ACTIVITY: Required from the data below: the exact lines starting at the line containing "1506 SE Royal" and ending at the line containing "03.10.2025 - Köhlbrandbrückenlauf", with both ends kept and all pictures dropped.

EXERCISE INPUTS:
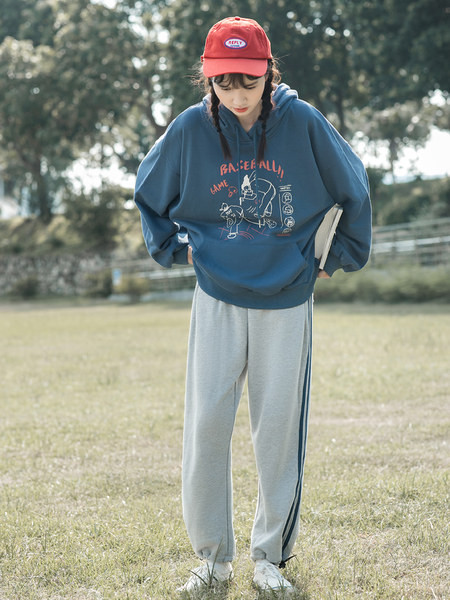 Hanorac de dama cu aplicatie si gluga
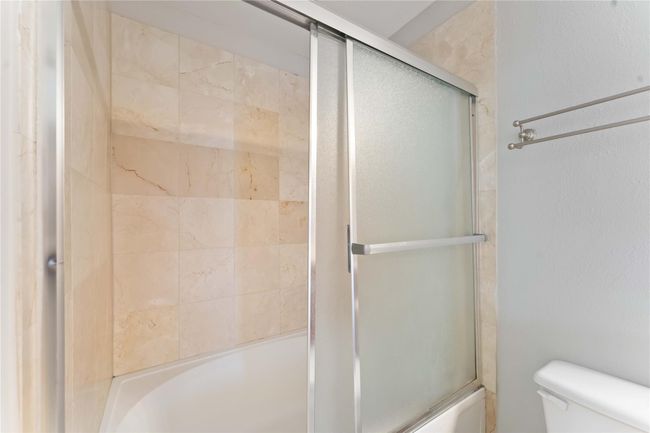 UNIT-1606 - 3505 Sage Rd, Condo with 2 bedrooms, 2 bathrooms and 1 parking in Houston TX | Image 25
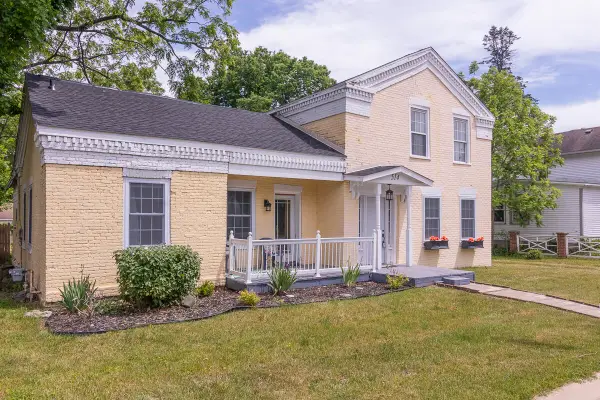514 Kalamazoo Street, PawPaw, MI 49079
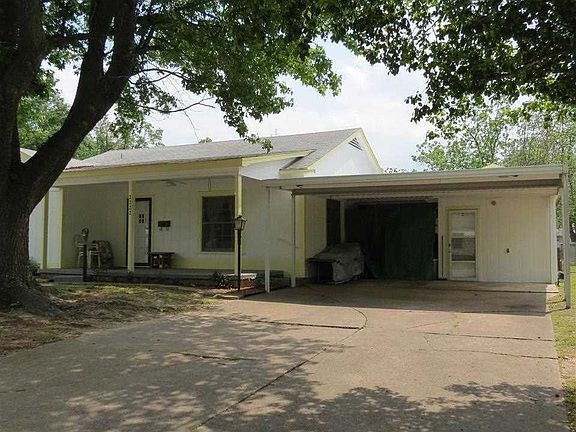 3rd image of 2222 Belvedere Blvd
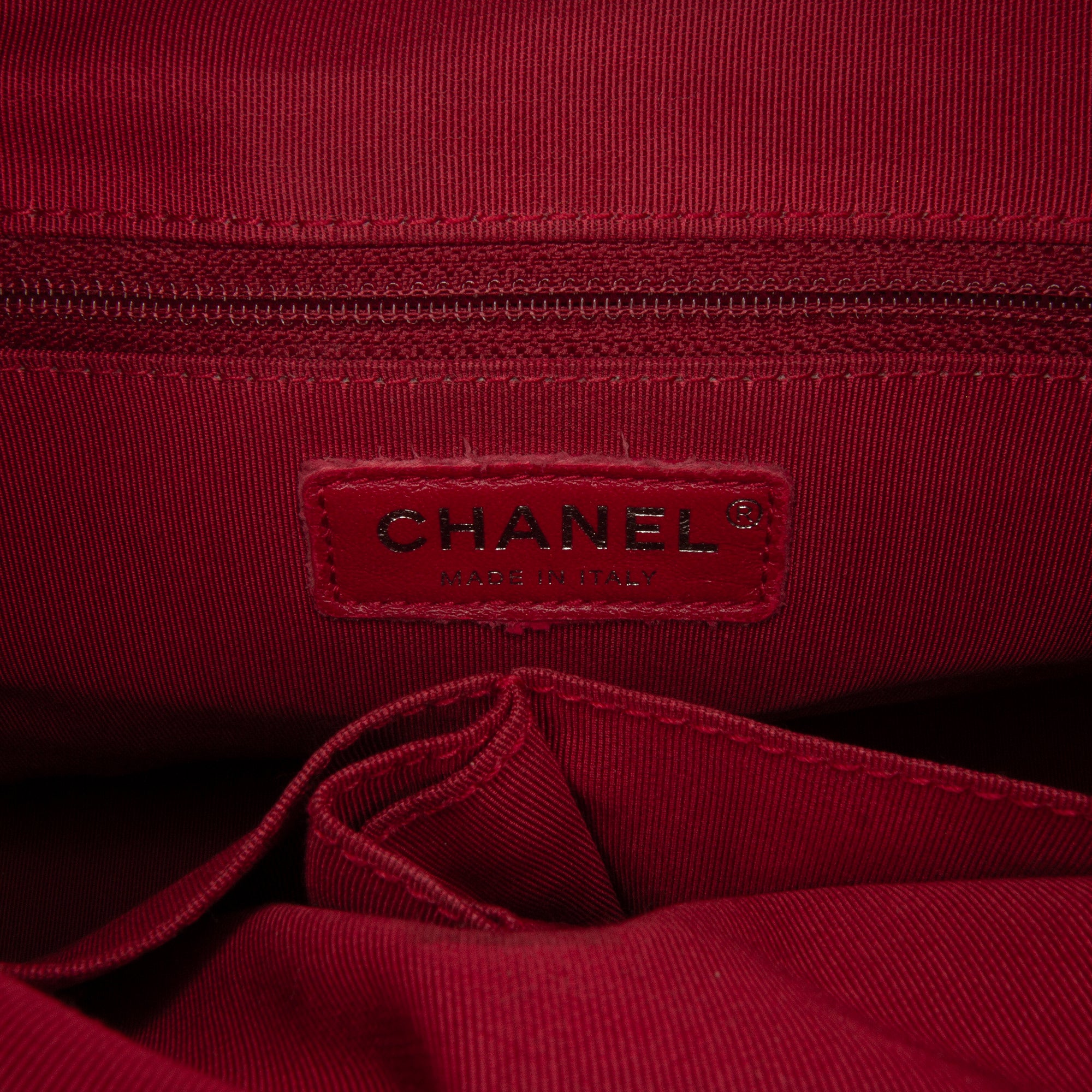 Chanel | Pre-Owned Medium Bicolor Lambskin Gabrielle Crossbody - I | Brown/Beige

==

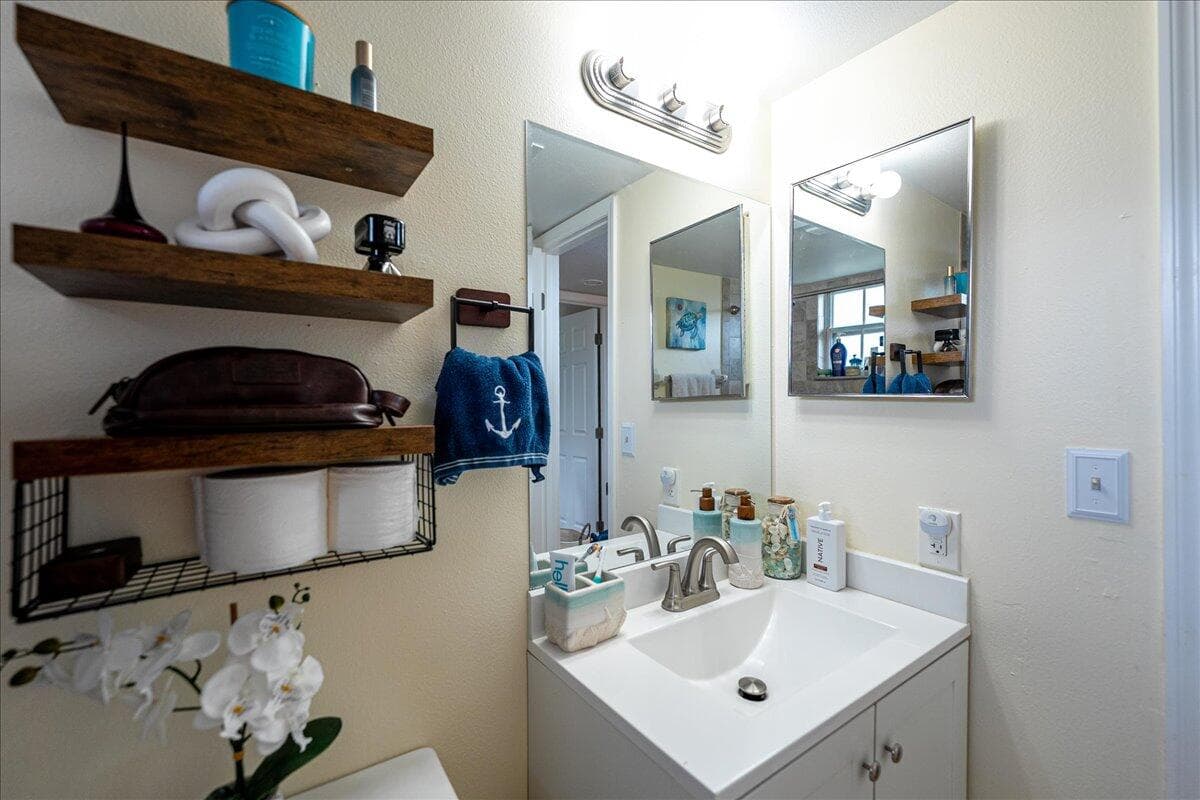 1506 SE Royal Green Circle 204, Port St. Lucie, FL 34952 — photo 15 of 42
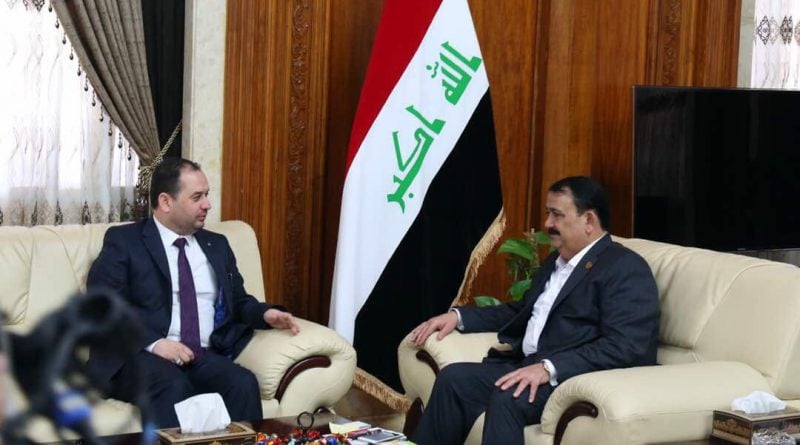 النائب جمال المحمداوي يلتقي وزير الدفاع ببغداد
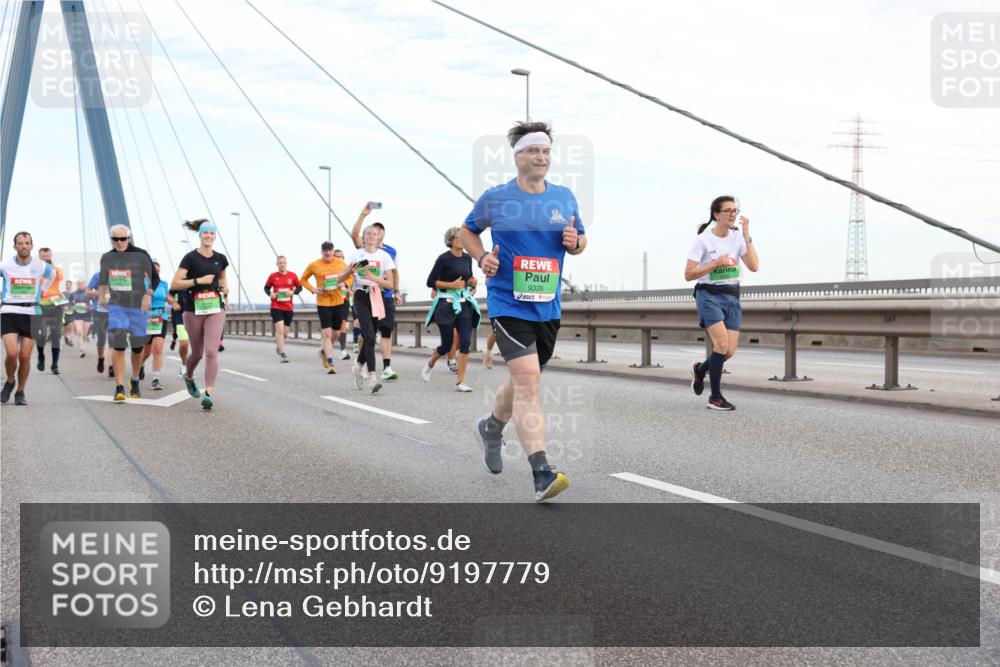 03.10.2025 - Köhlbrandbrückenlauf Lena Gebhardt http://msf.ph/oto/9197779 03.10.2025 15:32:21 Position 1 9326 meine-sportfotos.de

---

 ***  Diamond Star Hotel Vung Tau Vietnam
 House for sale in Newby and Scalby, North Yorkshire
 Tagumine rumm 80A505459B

REPLY TO THE EXERCISE:
 1506 SE Royal Green Circle 204, Port St. Lucie, FL 34952 — photo 15 of 42
 النائب جمال المحمداوي يلتقي وزير الدفاع ببغداد
 03.10.2025 - Köhlbrandbrückenlauf Lena Gebhardt http://msf.ph/oto/9197779 03.10.2025 15:32:21 Position 1 9326 meine-sportfotos.de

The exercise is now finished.